:: Recorded data ::
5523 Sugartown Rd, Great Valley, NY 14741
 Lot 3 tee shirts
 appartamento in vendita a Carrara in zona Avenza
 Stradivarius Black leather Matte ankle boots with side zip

:: What to work on ::
Respond with an exact reproduction of the lines running from the one that contains "appartamento in vendita" through the end of the material.

:: Worked solution ::
 appartamento in vendita a Carrara in zona Avenza
 Stradivarius Black leather Matte ankle boots with side zip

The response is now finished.